Stellungnahme der SPD-Fraktion
zum Tagesordnungsantrag der CDU-Fraktion,
bestimmte TOP in der Sondersitzung des Gemeinderats am 18.7.2002 nicht zu behandeln

Karl-Heinz Wagner
in der Gemeinderatssitzung
am 18. Juli 2002


Die CDU-Fraktion stellt den Antrag die heute angesetzten Tagesordnungspunkte, die die Beanstandungen der Gemeindeprüfungsanstalt zum Thema haben, nicht zu behandeln. Als Begründung wird von der CDU ausgeführt, dass hierdurch in die Ermittlungsverfahren der Staatseanwaltschaft eingegriffen würde und solch ein Eingriff in ein schwebendes Verfahren sei rechtlich problematisch, ja sogar unzulässig. Hierzu ist folgendes klarzustellen.

Der Eingriff in ein schwebendes Verfahren ist gesetzlich nicht geregelt, das heißt, es gibt keine Rechtsnorm, die eindeutig definiert, welche Eingriffe zulässig und welche unzulässig sind. Schon aus diesem Grund ist die Zahl von Meinungen und auch Missverständnissen auf diesem Gebiet groß.
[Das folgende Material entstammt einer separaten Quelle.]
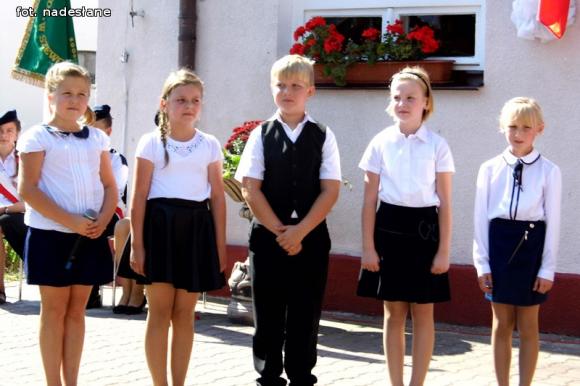 Czas to najlepsza cenzura, a cierpliwość najdoskonalszy nauczyciel. 80-lat Szkoły Podstawowej w Szewcach Nadolnych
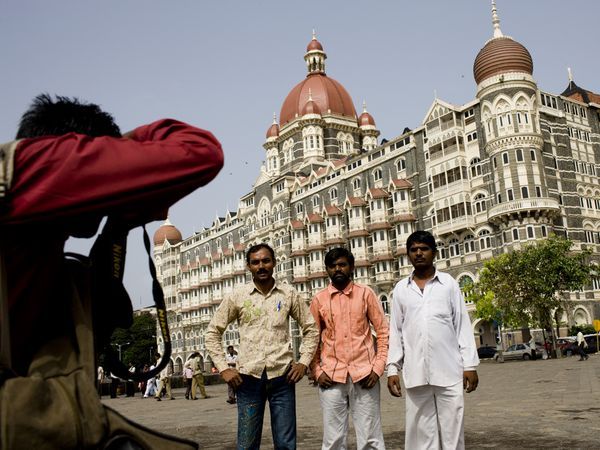 mumbai-palace-tower-hotel-outside_22777_600x450 - Viata in Mumbai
Ein direkter Eingriff liegt vor, wenn eine übergeordnete weisungsbefugte Stelle der ermittelnden Behörde konkrete Weisungen erteilt, etwa der Justizminister oder Generalstaatsanwalt dem ermittelnden Staatsanwalt. Diese Maßnahmen sind im Rahmen der Gesetze selbstverständlich zulässig.
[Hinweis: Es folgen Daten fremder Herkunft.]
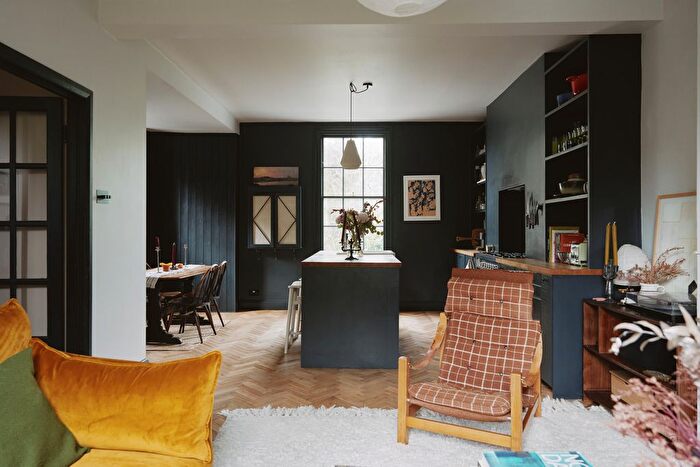 3 Bedroom Maisonette For Sale In Buckingham Road Ii, London, N1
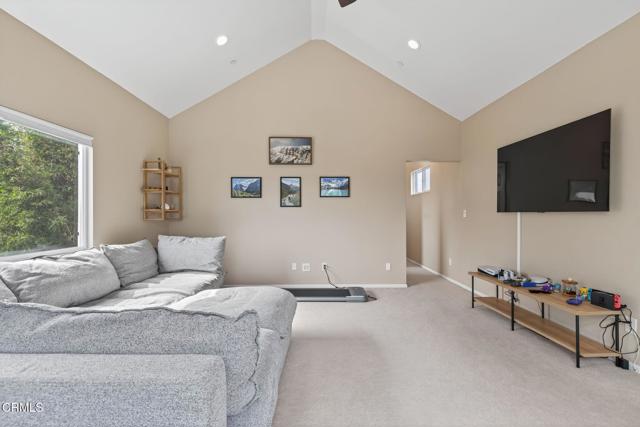 425 Rancho Drive, Ventura CA: https://media.crmls.org/mediaz/a4d2f6c3-68ab-45de-8a4c-8577bd475a07.jpg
Ein indirekter Eingriff liegt beispielsweise vor, wenn eine Persönlichkeit, die nicht weisungsbefugt ist, jedoch eine gewisse Autorität verkörpert, ungebeten Meinungen, Empfehlungen oder Ratschläge zu den Ermittlungen in der Erwartung äußert, dass damit der Ausgang des Verfahrens beeinflusst wird. Diese Art von Eingriff ist selbstverständlich unzulässig.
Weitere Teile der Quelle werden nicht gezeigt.